Thursday, November 04, 2004

Parenting Lifestyle

It's no coincidence that I started this lifestylism project while I have two young kids at home. Having kids completely changes the equation of lifestyle choices and values. Time management and financial decisions get a lot more complicated and difficult. Rob Paterson pokes into some of these issues in Early Childhood or Early Parenting. I've added some comments there -- if you have any ideas on the topic, please contribute your thoughts too.

I was interested in a related report the same week: The New Realities of Earning and Caring. Instead of proposing more money for daycare programs, they're looking at some of the root causes and concerns surrounding why families feel they have no choice but to put their kids in daycare:
"A single earner and a stay-at-home spouse is a luxury few families with dependent children and seniors can afford.
Therefore, families 'struggle to care' as well as to earn."
Rob also discusses a provincial program on the way out in PEI called Best Start -- it's worth the read if you're at all interested in how helping kids early can pay dividends later on.


Phil from the UK said...

I agree. For most people, everything changes when you have children. Lifestylism takes on a completely new hue.

A couple of thoughts:

1. To me a happy childhood is far more important than a childhood steeped in formal achievements, examinations passed, musical instruments learnt, hurdles jumped etc. These formal metrics and happiness are not mutually exclusive I know, but my experience is that too much formal pressure of any kind on a child is generally not conducive to real happiness and a well rounded, secure adult.

A couple of great books on bringing up kids: "Raising Boys", (not much good to you J with 2 daughters!!!) and The Secret of Happy Children", both by Steve Biddulph.

2. I also do not think there is any such thing as alloting "quality time" to kids. For kids, all time is quality time. You can't marginalise your children and fit them in around work, your hobbies, the pub etc. They can see straight away that they are playing second fiddle and will despise you for trying to kid them on. Kids are far quicker at sensing this sort of stuff than adults realise. For me, they are INTEGRAL to your life.

By example, take a kid and how he or she develops a sense of humour - one of the most important assets in anyones life.

A child doesn't learn it from a book or from an hour here or there from it's parents. Rather, it is a long process of almost osmosis. It seeps in from long term time spent with parents and other children. You have to just have lots of time laughing together and let it take it's course and happen. You can't instill it by alloting a bit of quality time here or there.

I think this applies to the really important things for children to have. Social skills and social adeptness generally are also picked up in the same way. It is a long process. Bringing up kids is as much about process, how you do it; as it is content, ie what you are doing or saying.
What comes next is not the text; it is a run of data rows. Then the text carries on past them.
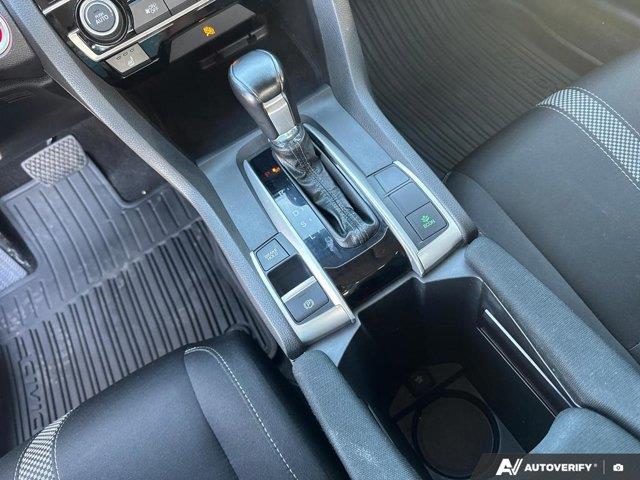 honda Civic Sedan 2019 - 21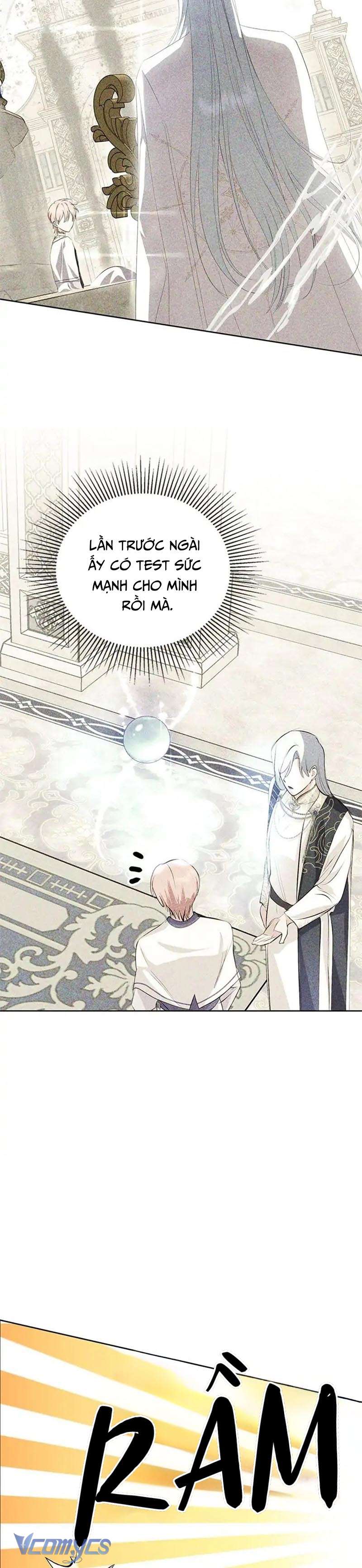 [PNT] Phía Sau Mặt Nạ Của Nam Chính Hiền Lành Chap 32 - Trang 2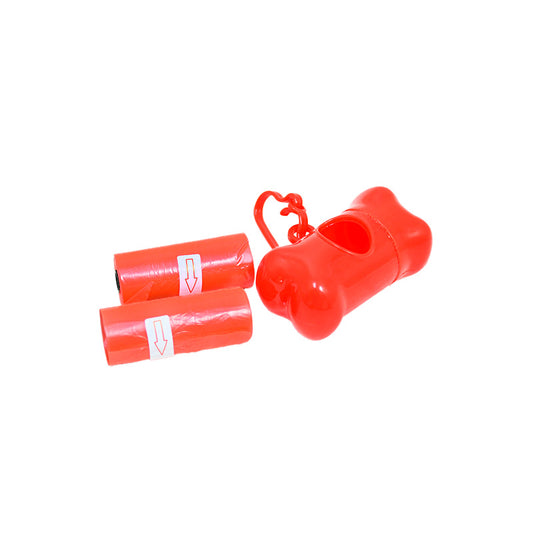 DISPENSADOR DE BOLSAS PARA MASCOTA LH-3371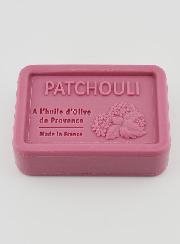 Savon à l'Huile d'Olive AOP & Patchouli - 120g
A great website by the way. You have got a really phenomenally interesting collection of ideas that you are choosing to call Lifestylism. I don't like the name much, but for the life of me can't come up with anything better for what you are describing here.
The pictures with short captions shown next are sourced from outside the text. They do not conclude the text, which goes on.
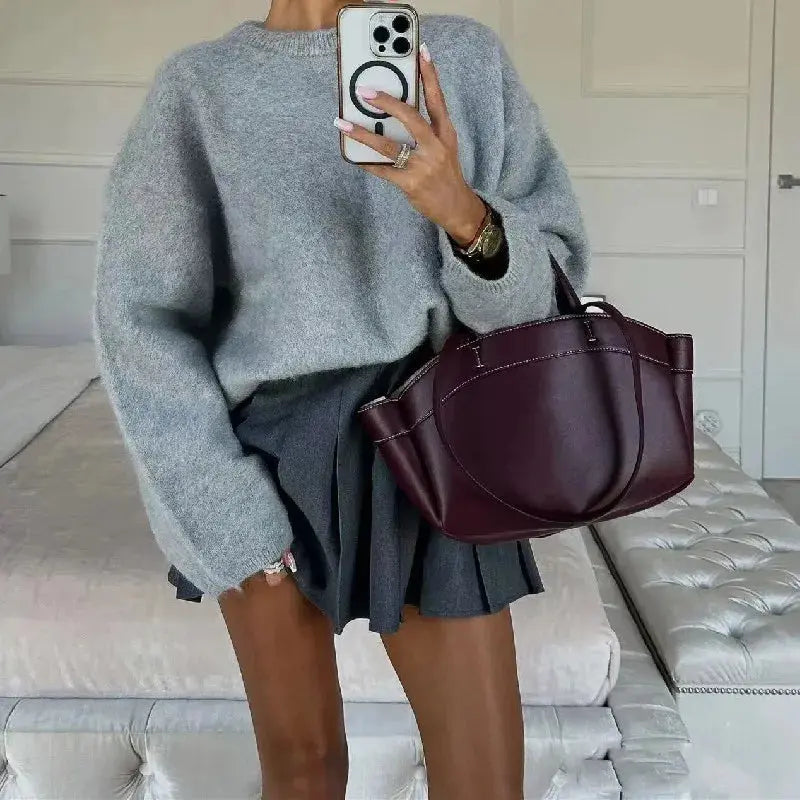 Lana | Sac à main cuir Original Leather&Carry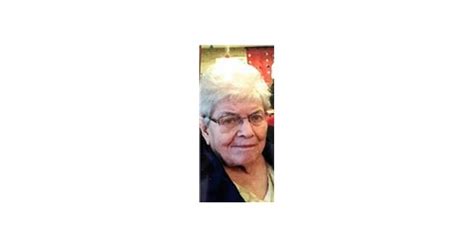 Margaret Janes Obituary (1935 - 2017) - Ionia, MI - Ionia Sentinel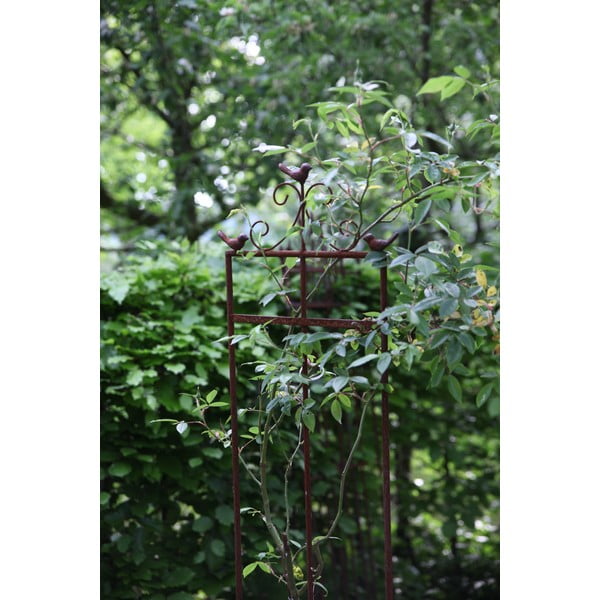 Metall taimetugi (kõrgus 160,5 cm) Bird – Esschert Design-image-1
I have got a list of excellent literature and articles on this whole area. I have been interested in the area of lifestyle development, soft systems and how they are applied in a business or corporate context for years. Quite a bit of this thinking maps across to what I would call "Real Life" as opposed to corporate life. I did an MSc in Management Systems. Not IT type systems, but mostly spent on holistic methodologies for solving complexity, (sometimes called subject neutral systems). This thinking and many of the approaches are generic and can be usefully applied outside of corporate life. Lots of the thinking I heard about can be applied to real life issues.

I've got many thoughts on Lifestylism and how life and work can co-develop, (I also dislike the phrase work/life balance). I'll post again when I've got a bit more time. For me though, work and life are still quite separate. Life is far more important than work everytime

Jeremy said...

Wow, Phil. Thanks for this extensive response!
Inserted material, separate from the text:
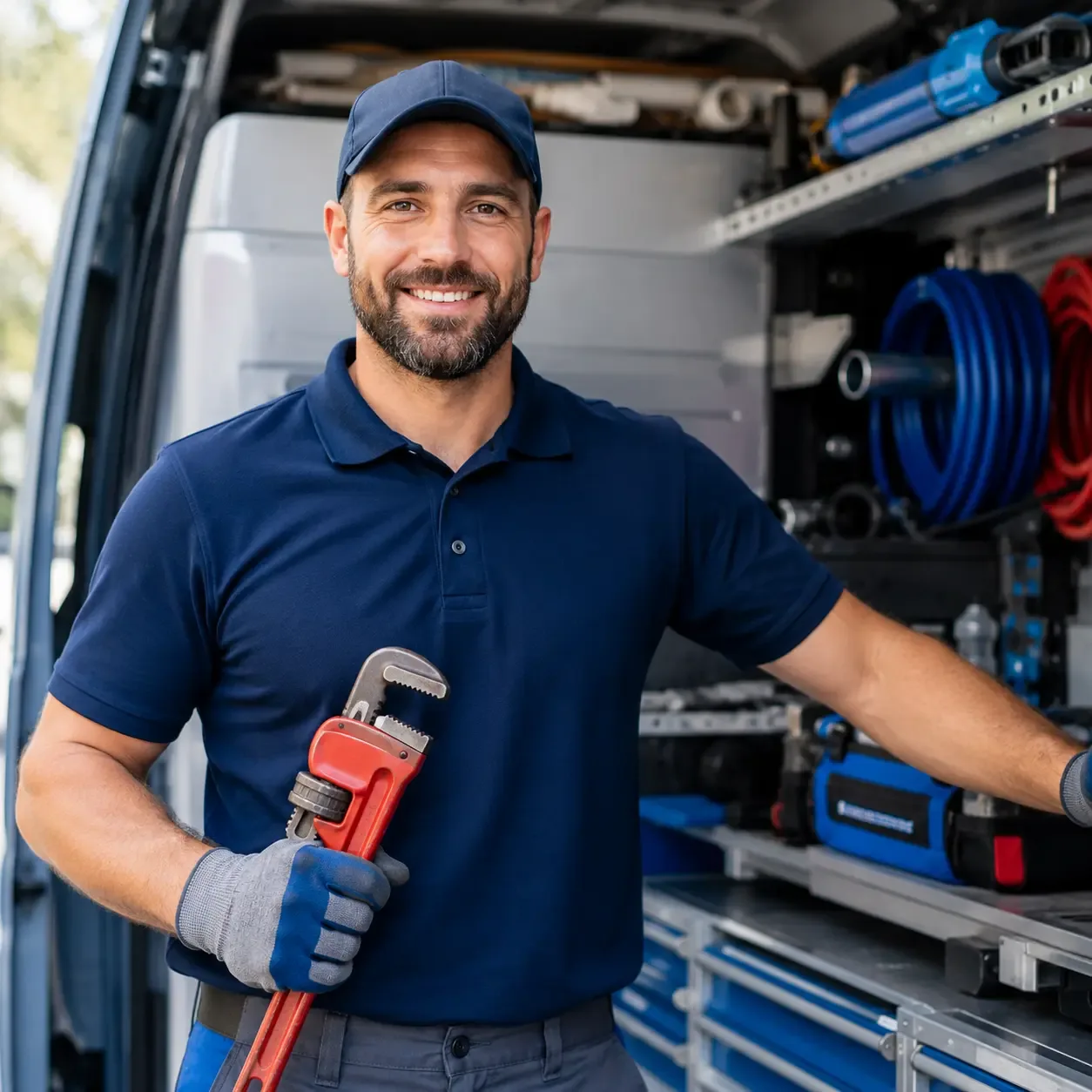 Local emergency plumbing professionals in Cottonton, AL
Looks like we've got lots of common ground here. I like what you've said about happy childhoods and quality time. The humour example is excellent -- difficult to quantify or measure, of course, but I think you're onto something.

I don't really like the Lifestylism label much either, but it seems to be working ok as a bucket to throw these ideas into. Glad you're seeing some value. Please comment whenever you feel like it -- I always appreciate feedback. It sounds like you've got the basis for a great site on your own! Let me know if you get one up and running.

Thanks again!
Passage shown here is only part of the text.